My mailbox is being flooded with panicked messages from artists across the country. By executive order, the governor of Kansas has abolished the Kansas Arts Commission (KAC). The governor of Texas wants to defund that state’s arts agency, as does the governor of South Carolina. Republicans want to eliminate the National Endowments for the Arts and the Humanities. And arts advocates foresee a long row of dominoes waiting to fall when those go.
What does it mean?
From the official perspective, it’s framed as all about saving money: “Our state faces a nearly $500 million budget shortfall,” Kansas’ Republican governor Sam Brownback said. “Let’s do all we can to protect the core functions of government.” But Brownback neglected to mention that the numbers don’t quite add up: the KAC receives $778,200 in direct funding from the National Endowment for the Arts and $437,767 in indirect grants and services from Mid-America Arts Alliance, a regional funder, so the net effect of eliminating state funding would be a loss of several hundred thousand dollars coming into the state from other sources.
To some people, it’s a resurgence of anti-art feeling. As I wrote in December, people are now talking of new “culture wars,” harking back to the arts censorship campaigns of twenty years ago. They see this eliminationist fervor as driven by ideological opposition to public arts funding. They focus on the threat artistic freedom of expression represents to those who want to control the message. This is real, to be sure: in any setting, repression almost always starts with artists and intellectuals, who represent the refusal to submit. But this situation is not driven by ideology. As you will read below, it owes far more to politics than principle.
Certain arts advocates see it as an occasion for self-flagellation: to them, this proves we aren’t trying hard enough to make the case for arts funding. Earlier today, someone forwarded a tweet from the California Arts Council: “First Kansas, now Texas. We MUST make our case more clearly. The arts are not luxuries – they are vital.” Unfortunately, in practice, that almost always means redoubling efforts to make the same arguments that have been failing for three decades. There’s a desperate cargo-cult mentality that pervades arts advocacy, as I wrote back in 2006: it’s as if advocates believe that doing the exact same thing over and over again, with infinite patience and dedication, will eventually be rewarded with a gift from the gods. Actually, it just wastes time and money, keeping people too frightened and preoccupied to come up with a better strategy.

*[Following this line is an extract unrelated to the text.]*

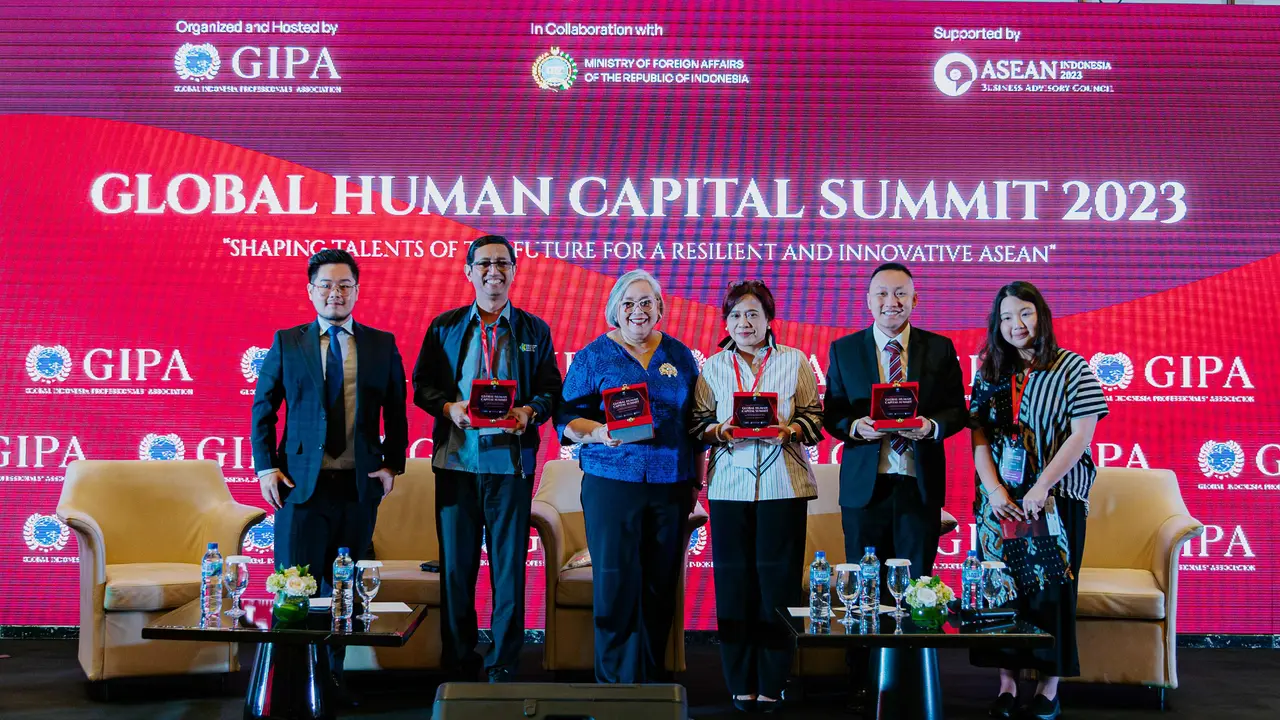Michellina L. Triwardhany, Presiden Direktur Prudential Indonesia (kiri ketiga) menjadi pembicara dalam acara Global Human Capital Summit 2023. (Liputan6.com/ ist)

The national conversation about arts funding has grown stale and desperate. It needs fresh air and new light to peel away the familiar cover-stories and see what’s really happening. Three essential points need attention:
First, it’s not about the money. Consider the facts. For instance, last month, House Republicans proposed reducing the allocations for both the National Endowment for the Arts (NEA) and the National Endowment for the Humanities (NEH) to zero. That’s two separate agencies budgeted at $167.5 million apiece, for a total cost savings of $335 million.
Just to put that into perspective, the savings would amount to less than one-thousandth of a percent of the cost of just the war in Afghanistan since 2001, and less than one-millionth of a percent of the total FY 2011 federal budget. It’s less than one-twentieth of the FY 2011 budget for nuclear weapons, still being stockpiled at great costs to taxpayers, “just in case.” Putting the NEA/NEH money back into taxpayers’ pockets would give each of us about a dollar a year, half the cost of a plain Starbuck’s coffee, less than half the cost of a subway ride.
In truth, when politicians decide to decapitate arts funding, they aren’t even trying to make a significant economic impact. Instead, they are using budget cuts as a form of political speech by cutting something that most voters don’t perceive as directly affecting them or creating widespread pain. That is because, even though the dollars involved are insignificant enough to be dismissed as a rounding error in other budget areas, the cuts garner plenty of publicity: artists and their advocates are very good at communicating their displeasure. In essence, politicians use arts advocates as a megaphone to issue a political message: Look at the criticism I’m willing to take to save voters money! I lopped the head off all this unnecessary crap like art before even trimming the fat from the things you really care about! Money is the sizzle, not the steak.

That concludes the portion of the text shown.